Trying to recover from a bad RAID rebuild
May 24, 2012 6:42 AM   Subscribe

I have a NAS appliance that crashed last weekend. The IT guys apparently / maybe didn't recover it in the right way? There's about 50,000 directories in a "lost+found" directory each with a numeric name like "#4289756". It looks as if all the missing files are within these directories, each with the original date and owner information (Linux). I need to organize them so they are findable to the staff.

My goal is to copy / move these files into a structure so that each employee has their own folder with their own files, and each folder is further divided by month.

The appliance itself is running a Busybox, a stripped down Linux version that only supports a subset of the typical Bash commands. I thought I could use a script with the "find" command to sort them by owner and date and then pipe that to "-exec cp" to the appropriate place, but it looks like Busybox doesn't have that ability.

I have:
1. A network of Windows machines
2. A working knowledge of Bash scripting (no expert, mind you)
3. The ability to install a Linux VM on one of the Windows machines
4. Cygwin already installed on one of them

I get the concept of what needs to be done, but the devil is in the details, and I could sure use some help. Anyone?
posted by nedpwolf to Technology (6 answers total)
 
Best answer: Looks like the crash (or memory errors before the crash) led to filesystem corruption. The filesystem check that ran on bootup has attempted to recover as much data as possible, and all the files and directories it found during that process have been put in the lost+found directory, because it didn't have any information about where they should go.

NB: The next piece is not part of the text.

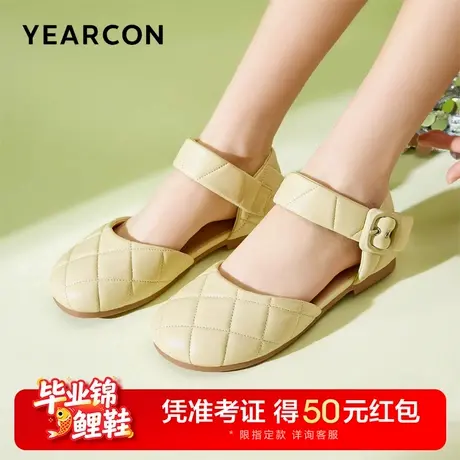 意尔康女鞋春夏女士包头凉鞋法式仙女风平底玛丽珍面包单鞋真皮图片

This is not the fault of your IT people in other words.

Hacky, partially tested commandline follows:

cd /lost+found ; for i in *; do USER=`ls -l $i | awk '{print $3}'`; mkdir -p /home/$USER/recovered ; cp -a $i /home/$USER/recovered/$i ; done

If you run that on the NAS, it should recursively copy everything owned by each user in lost+found into a 'recovered' directory in their home directory on the NAS. You may need to change /home to wherever the NAS is storing all the home directories.
posted by pharm at 7:29 AM on May 24, 2012 [3 favorites]


NB If you don't have room for the copy, you'll have to replace the cp with a mv. This will obviously not preserve the original data!

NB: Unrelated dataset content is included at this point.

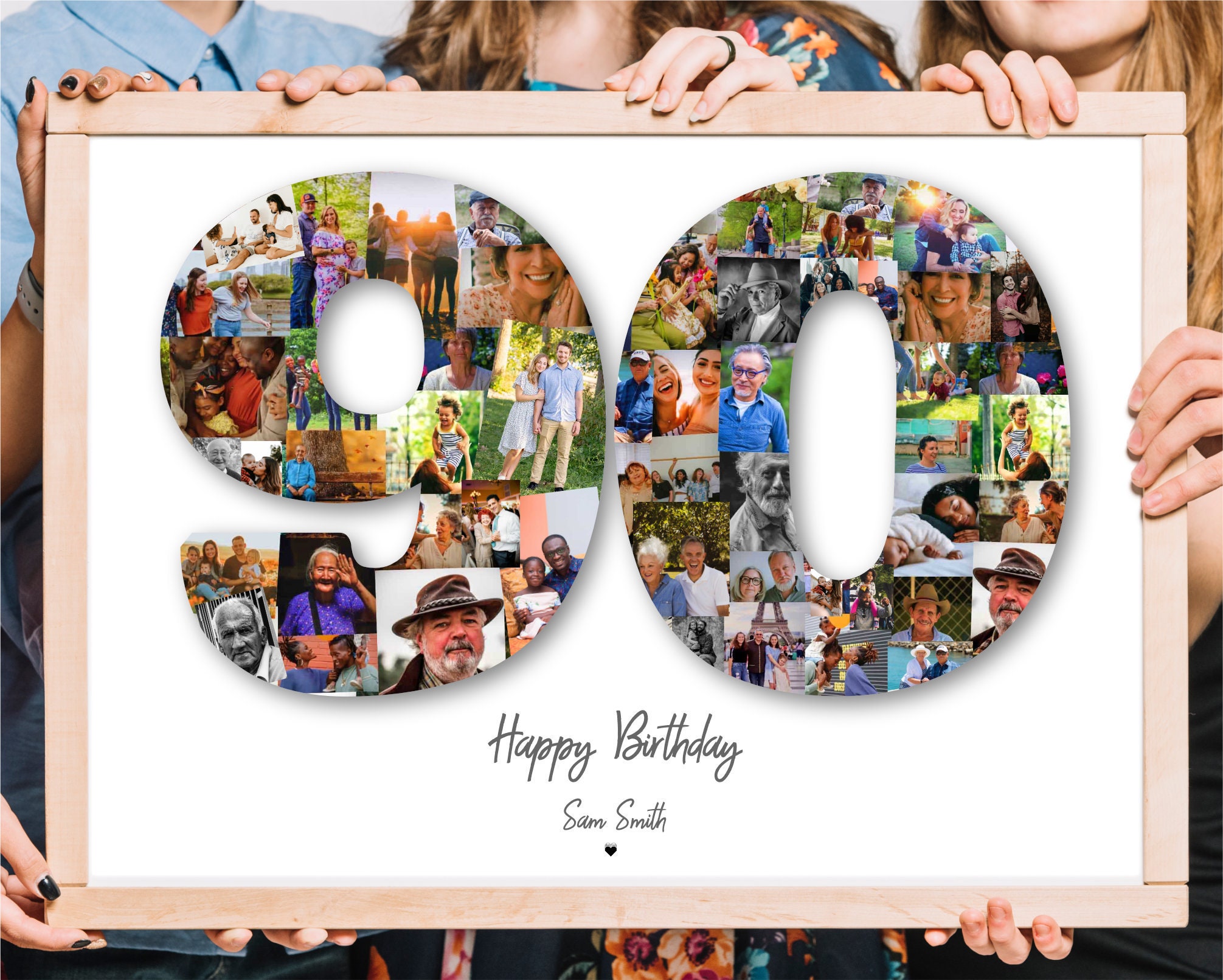 90th Birthday Photo Collage, Personalized Custom Number Picture Digital ...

Oh, and the lost+found directory might not be in / . It will located wherever that particular volume is grafted onto the directory tree.
posted by pharm at 7:32 AM on May 24, 2012


NB. I'm assuming that the directories in lost+found have the correct uids. If not, you'll have to edit the script appropriately.
posted by pharm at 7:34 AM on May 24, 2012


Response by poster: Thanks for the response, pharm!
Giving it a whirl.
posted by nedpwolf at 8:47 AM on May 24, 2012


Did it work?
posted by pharm at 6:24 AM on May 29, 2012


NB. Just noticed that the one-liner I gave you won't cope with spaces in filenames. You might want to check for any such files & do some fixing up if necessary. I should have quoted the arguments to cp & mkdir.